The bread for the school came unsliced from the town bakery and the slicing detail was done in a seperate room adjacent to the galley and it was this electric slicer that I used to do the bacon on...it made a hell of a mess, that took longer to clean up than slice up.
It must have been the following day that I cooked the bacon in the big gas fired ovens and carried triumphantly into the mess hall...what- ever might have come off this, at that moment I couldn't have give a damn...but it just so happened that Janaway was one of the Officers of the mess and out of a lifetime of mischief this one item stands out... his neck stiffened...his nose went up in the air, then his eyes ran down the line of servers until they locked onto mine.
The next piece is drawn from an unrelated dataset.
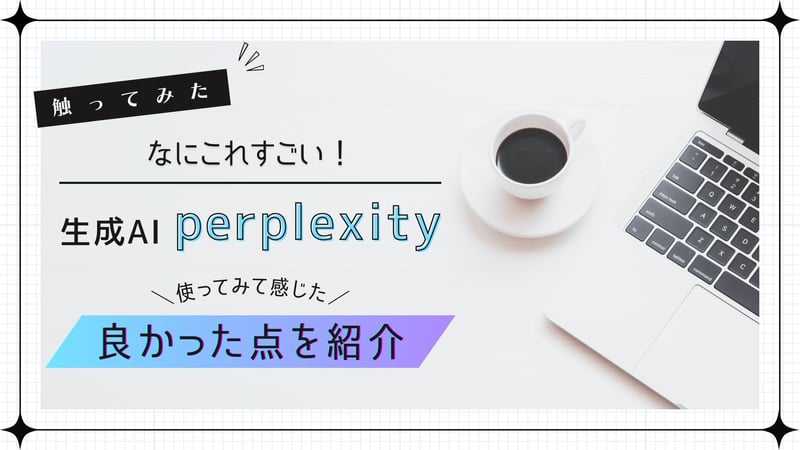 なにこれすごい！生成AIperplexity　使ってみて良かった点を紹介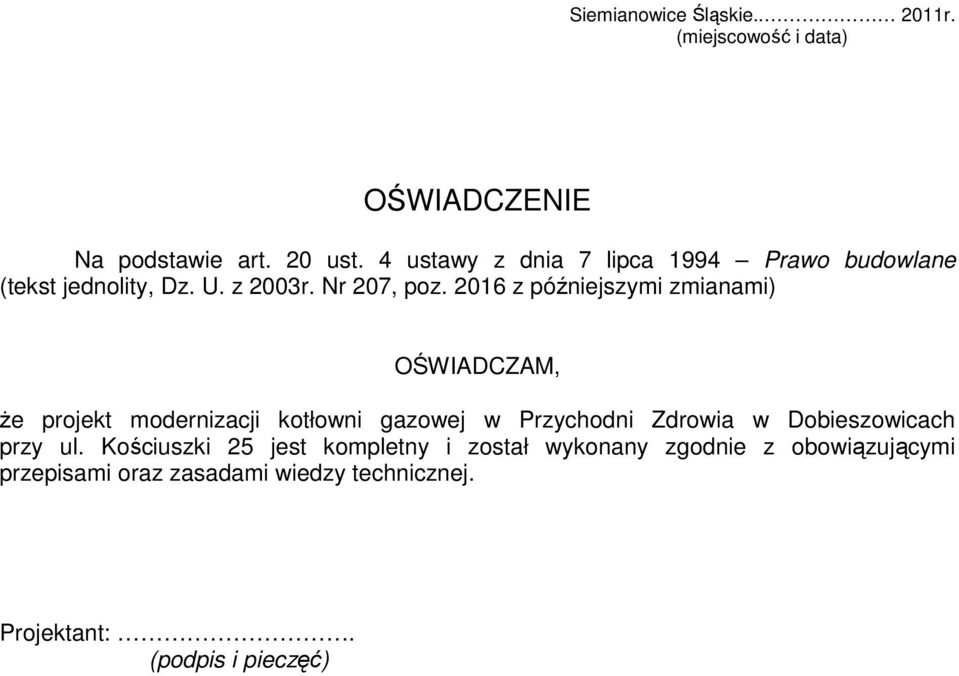 2016 z późniejszymi zmianami) OŚWIADCZAM, że projekt modernizacji kotłowni gazowej w Przychodni Zdrowia w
I know by this time that I was shaking...I figured for once I'd gone too far; but without ever taking his eyes off me...and this is why I loved the man...he picked up a plate, joined the line, received a portion of rations, came abreast of me, received a helping of bacon...not a word spoken...just that incredible twinkle of his eyes...maybe an imperceptible nod of the head and then he went and sat...not at the Officers table, but with the boys at one of the Division tables. Nothing was ever said about this...not a hint...not an allusion. I believe that unless I pressed things too far and became too ridiculous, which I've been known to do on occassion...many, many of the things I did at Wellesley were simply overlooked. If they were merely outrageous and not malicious you were given lots of range.